Leader of the ruling AKP party, he should have no problem keeping most of the seats, but there are some factors for which the conservative president known for having centralized much of the domestic and foreign policy in his hands, repressing the disposh and minorities, would appear weakened: runaway inflation at 50% or perhaps more, And the so-called "earthquake variant", the terrible earthquake that last February in addition to causing the death of over 50 thousand people and millions of damages and displaced people, hit the provicie strongholds of the sultan. According to the Supreme Electoral Council (YSK), at least one million voters in those areas affected by the earthquake will not be able to vote due to displacement.

The president considered an influential "mediator" between West and East, both in the war in Ukraine and with regard to food and energy issues, and with the European Union for the migration issue, has the merit of having brought Turkey to the center of the geopolitical chessboard, but this is not enough to silence his detractors. The opposition could after two decades attract a majority of voters: polls would give the lead Kemal Kilicdaroglu , 74-year-old leader of the Republican People's Party (CHP), candidate for president for the six-party coalition of the Alliance of the Nation a very heterogeneous front, composed of nationalists, liberals and social democrats.

The latest moves by the outgoing president to increase public salaries by 45%, to decrease credit rates and to have lowered the retirement age to try to recover consensus, seem not to have been enough. "We want Turkey to have a constitution developed by the will of the people. This will be the most important goal of our vision for Turkey's century. We will put this issue on the agenda after the elections," Erdogan said in Ankara today.

And, in any case, none of the four candidates, including Erdogan, seems to have a chance of exceeding 50% of the votes already in the first round. For this reason, it is very likely that we will go to the ballot after two weeks, that is, on May 28. That's where Kilicdaroglu might win. A new poll published by Politpro increases the gap between Kilicdaroglu who in the first round would get 48.9% while Erdogan would stop at 43.2%, confirming the runoff between the two rivals.
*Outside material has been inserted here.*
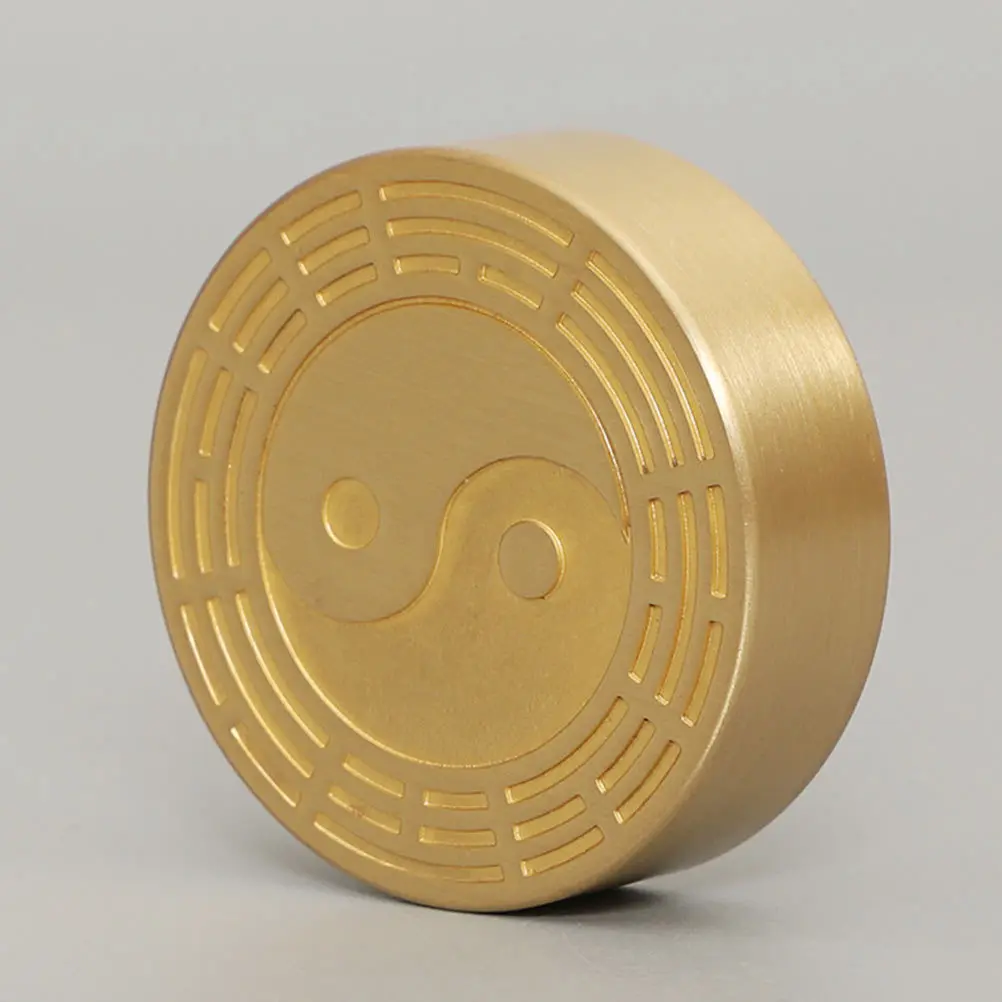 

Brass Paperweight Round Design Smooth Finish for Calligraphy Painting Study Decor Desktop Letterweight Chinese Culture Gift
Another dangerous variable for Erdogan is the vote of the Kurdish-Turks. Kilicdaroglu is credited with gaining the support of the second pro-Kurdish opposition party HDP. Some of its members are the subject of heavy trials for alleged affiliation with PKK militants whom the outgoing president considers bitter enemies.
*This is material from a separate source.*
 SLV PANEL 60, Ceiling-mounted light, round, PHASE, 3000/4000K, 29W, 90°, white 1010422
The other presidential candidates are Muharrem Ince, the centrist leader of the Fatherland Party, the right-wing candidate Sinan Ogan. While 24 political parties and 151 independent candidates are vying for seats in the 600-member Turkish parliament. Turkey follows a system of proportional representation in which the number of seats a party obtains is directly proportional to the votes collected. The threshold has been lowered from 10% to 7%.
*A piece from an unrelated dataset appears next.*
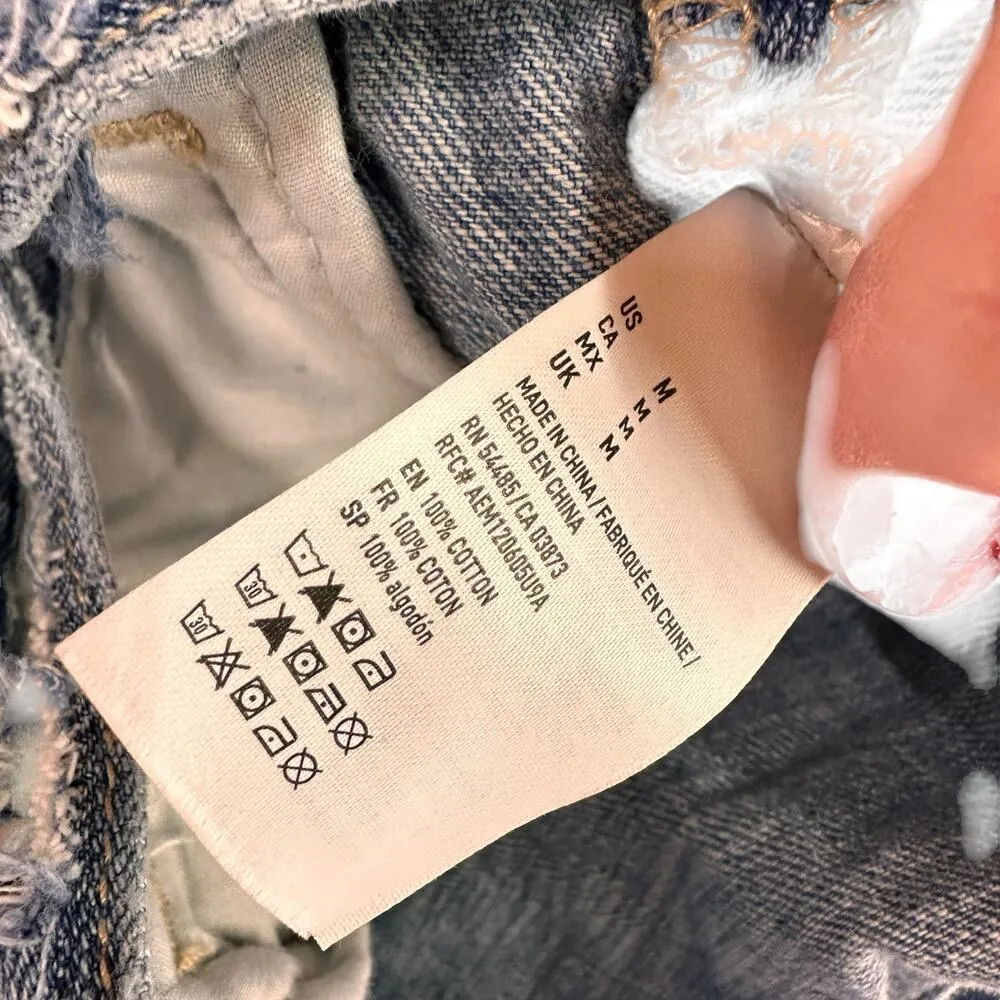 American Eagle Distressed Crochet Accent Button Up Jean Jacket Size Medium - Image 10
The turnout is given for high. Some analysts fear fraud. If Erdogan were to lose the percentages between the two candidates, they would still be small. Some NGOs such as Human Rights Watch and Article 19 denounce "the concern that the government exercises considerable control over the digital ecosystem by attempting to undermine the outcome of the elections".

"The elections will take place in an environment of strengthened centralized control and erosion of fundamental rights and the rule of law with the government wielding extraordinary power to muzzle the media and arrest or marginalize perceived critics and political opponents, before and during the elections," it said in a statement.

"I am sure they will be honest, transparent and guarantee the will of the Turkish people without any outside interference," Russian Foreign Minister Sergei Lavrov said at the summit with the foreign ministers of Iran, Syria and Turkey in Moscow.